> [Task objective]:
Every line of the listing belongs in your answer exactly as written; the images do not.
─── Collected material ───
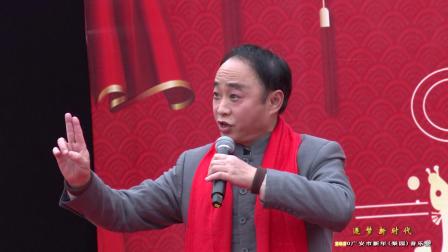 现代川剧《沁园春雪》2020音乐会 戏曲免费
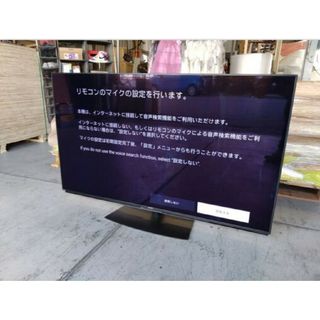 アクオス(AQUOS)の2023年製  シャープ アクオス 60インチ 4K 液晶テレビ4T-C60D(テレビ)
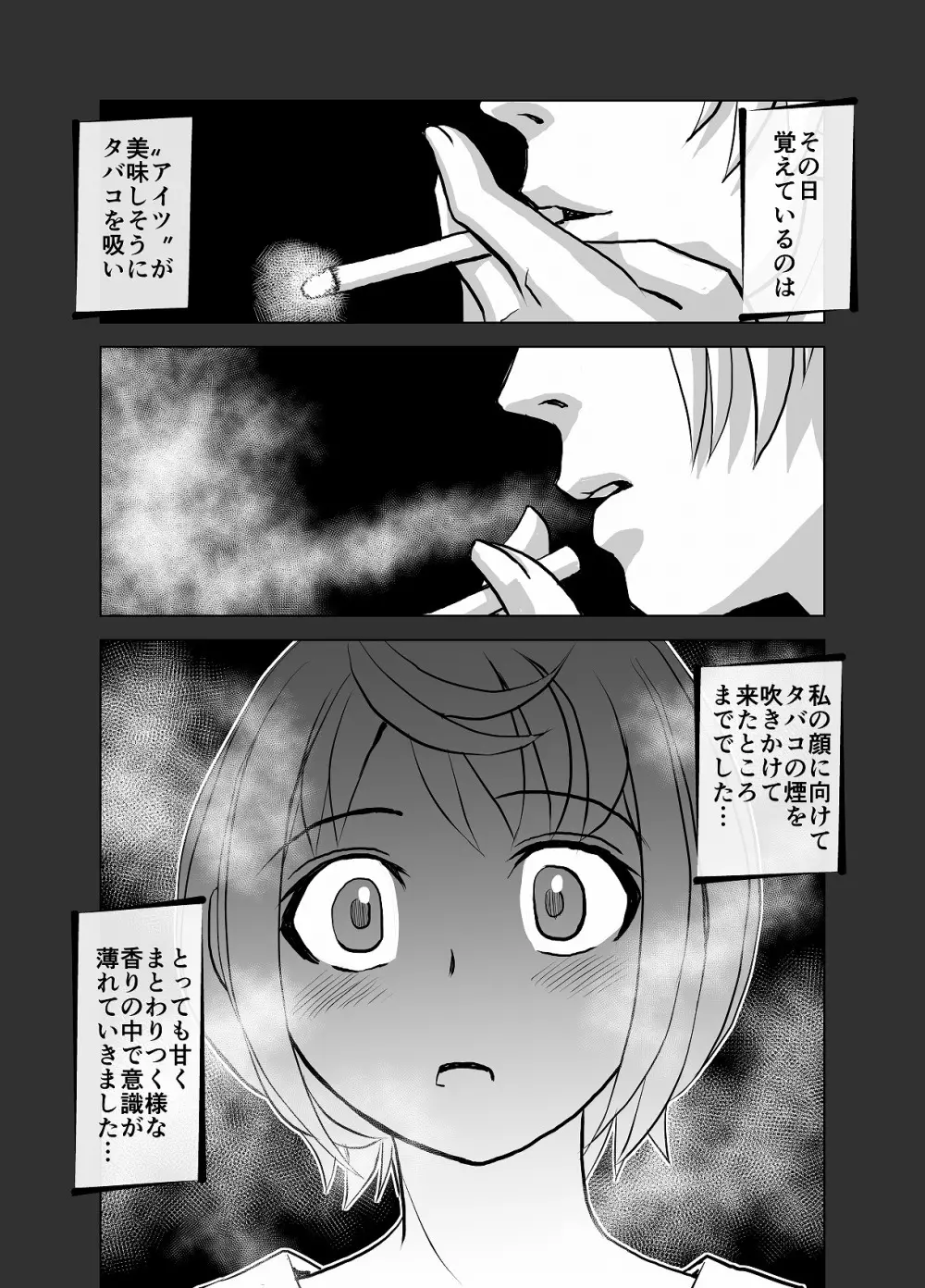 BEYOND~愛すべき彼方の人びと4 Page.18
───
> [Your response]:
 现代川剧《沁园春雪》2020音乐会 戏曲免费
 アクオス(AQUOS)の2023年製  シャープ アクオス 60インチ 4K 液晶テレビ4T-C60D(テレビ)
 BEYOND~愛すべき彼方の人びと4 Page.18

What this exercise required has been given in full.